Action item:
Write the data out again exactly, with every picture removed.

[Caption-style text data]
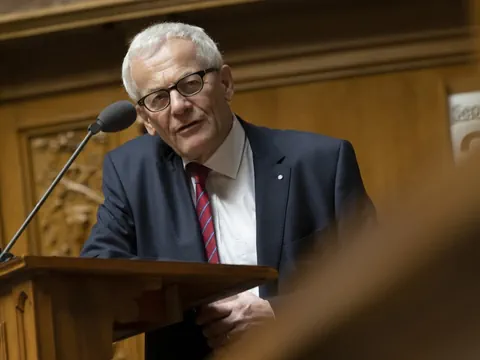 Älterer Mann mit Brille spricht an einem Holzpult.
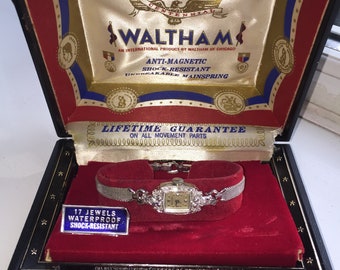 Puede incluir: Reloj Waltham vintage en una caja de presentación negra. El reloj tiene una correa de malla plateada y una esfera cuadrada con un bisel con forma de diamante. El interior de la caja es de terciopelo rojo con detalles dorados y azules. La caja dice "Waltham" y "17 Jewels Waterproof Shock-Resistant."
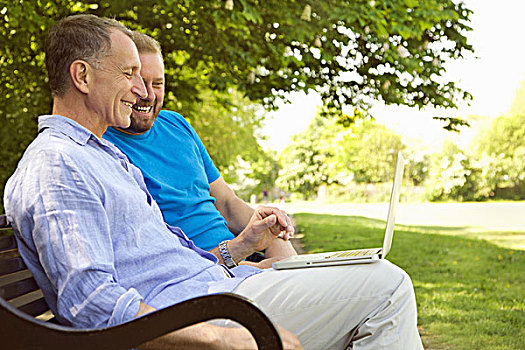 两个男人,坐,公园长椅,使用笔记本,微笑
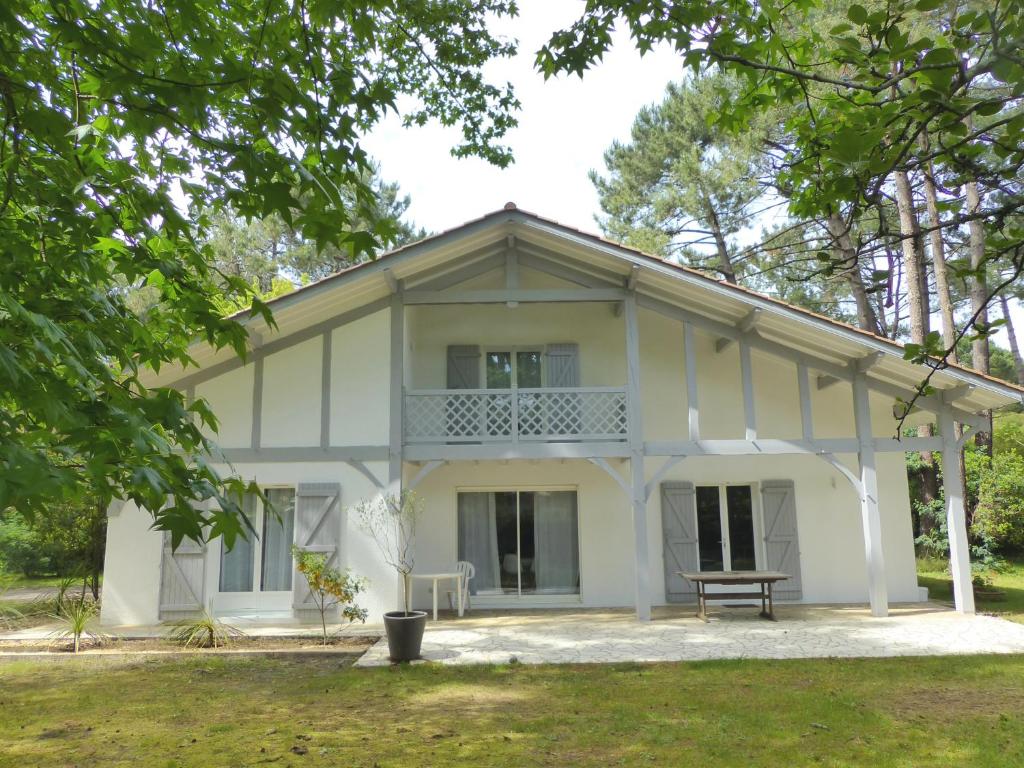 奧瑟戈爾的住宿－Villa Pinkmary Pour 10 Personnes，院子里的白色房子,长凳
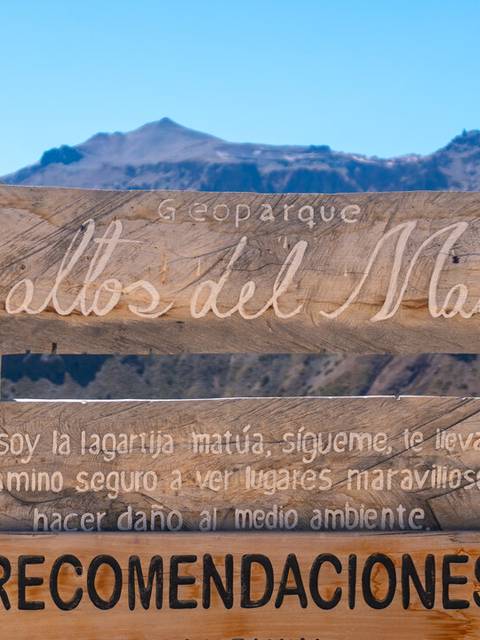 Un cartel de madera en un parque que ofrece recomendaciones sobre cuidados ambientales y seguridad en el camino.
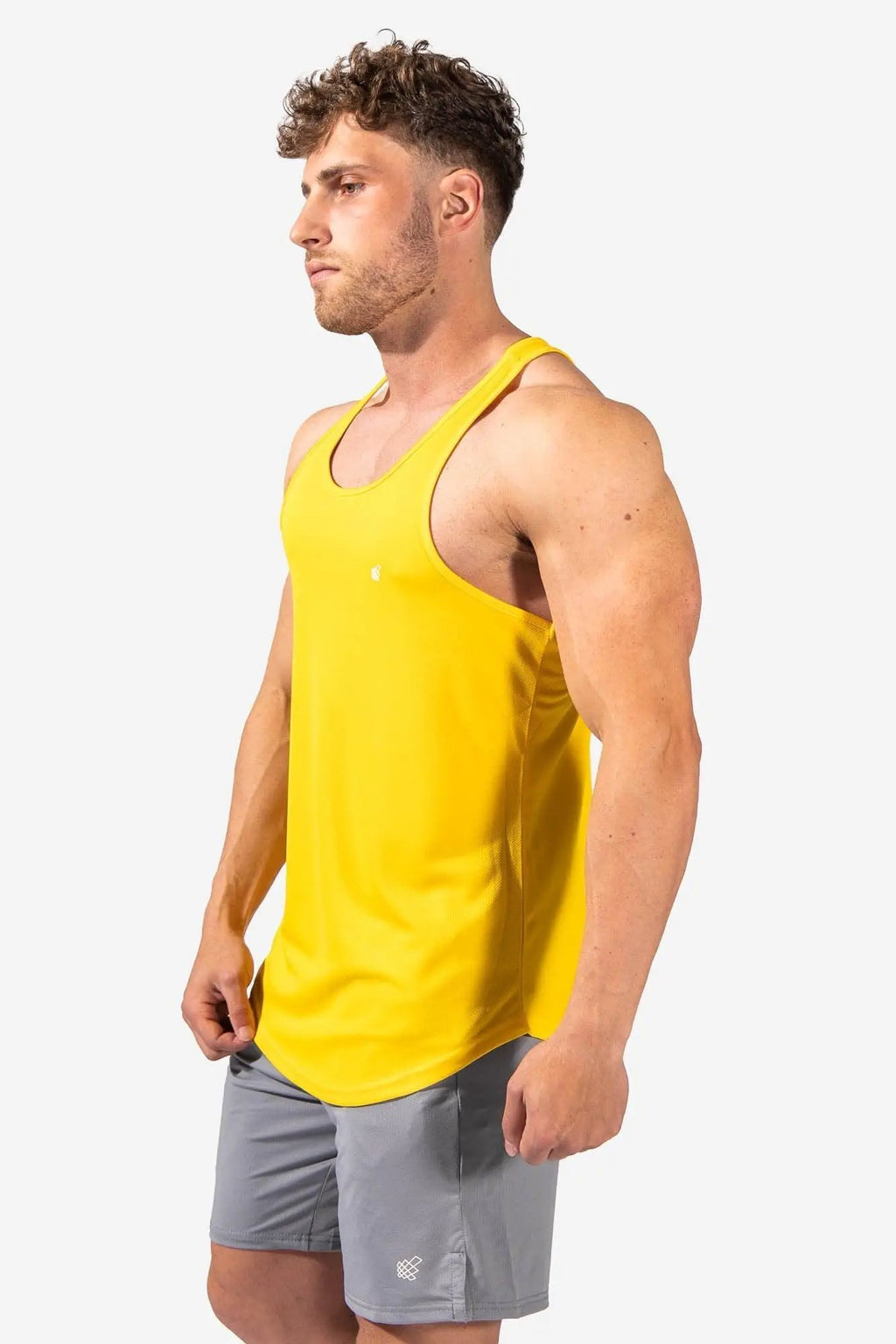 Jed North fast-dry bodybuilding workout stringer in bright yellow sleeveless tank top with scoop neckline and curved hem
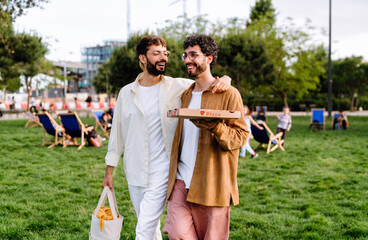 Happy young men couple walking along lawn in park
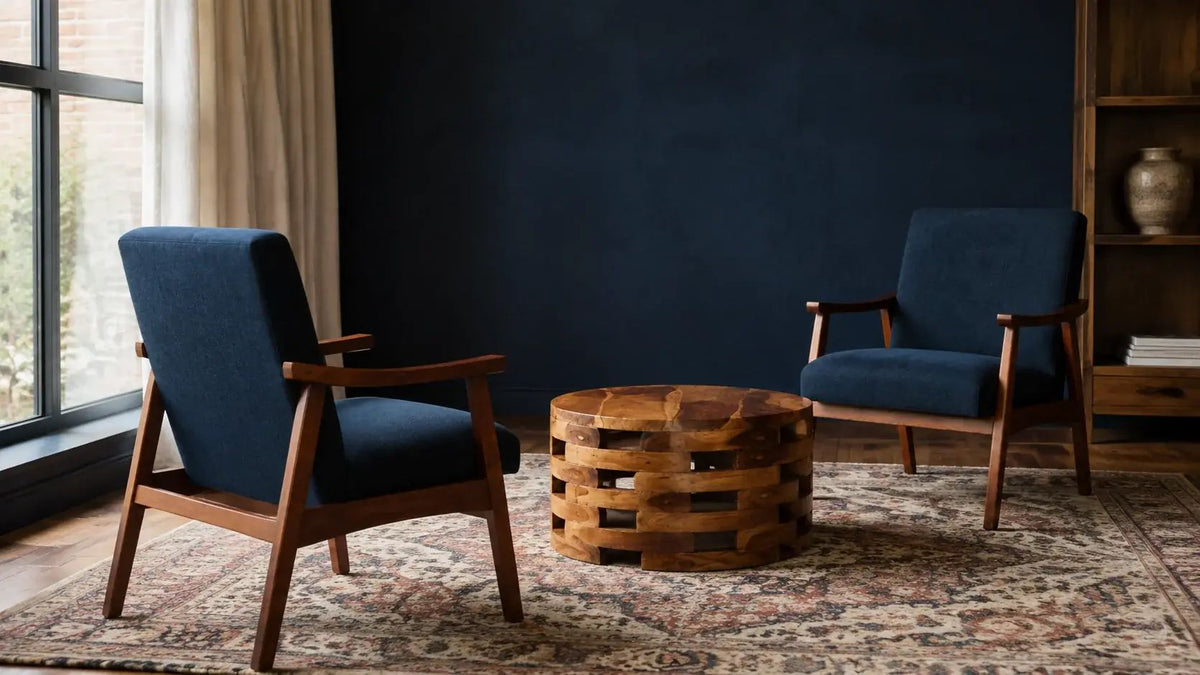 Two navy walnut-frame armchairs face each other across an open-joinery teak drum table on a rust patterned rug in a dark blue room.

Solution for this task:
 Älterer Mann mit Brille spricht an einem Holzpult.
 Puede incluir: Reloj Waltham vintage en una caja de presentación negra. El reloj tiene una correa de malla plateada y una esfera cuadrada con un bisel con forma de diamante. El interior de la caja es de terciopelo rojo con detalles dorados y azules. La caja dice "Waltham" y "17 Jewels Waterproof Shock-Resistant."
 两个男人,坐,公园长椅,使用笔记本,微笑
 奧瑟戈爾的住宿－Villa Pinkmary Pour 10 Personnes，院子里的白色房子,长凳
 Un cartel de madera en un parque que ofrece recomendaciones sobre cuidados ambientales y seguridad en el camino.
 Jed North fast-dry bodybuilding workout stringer in bright yellow sleeveless tank top with scoop neckline and curved hem
 Happy young men couple walking along lawn in park
 Two navy walnut-frame armchairs face each other across an open-joinery teak drum table on a rust patterned rug in a dark blue room.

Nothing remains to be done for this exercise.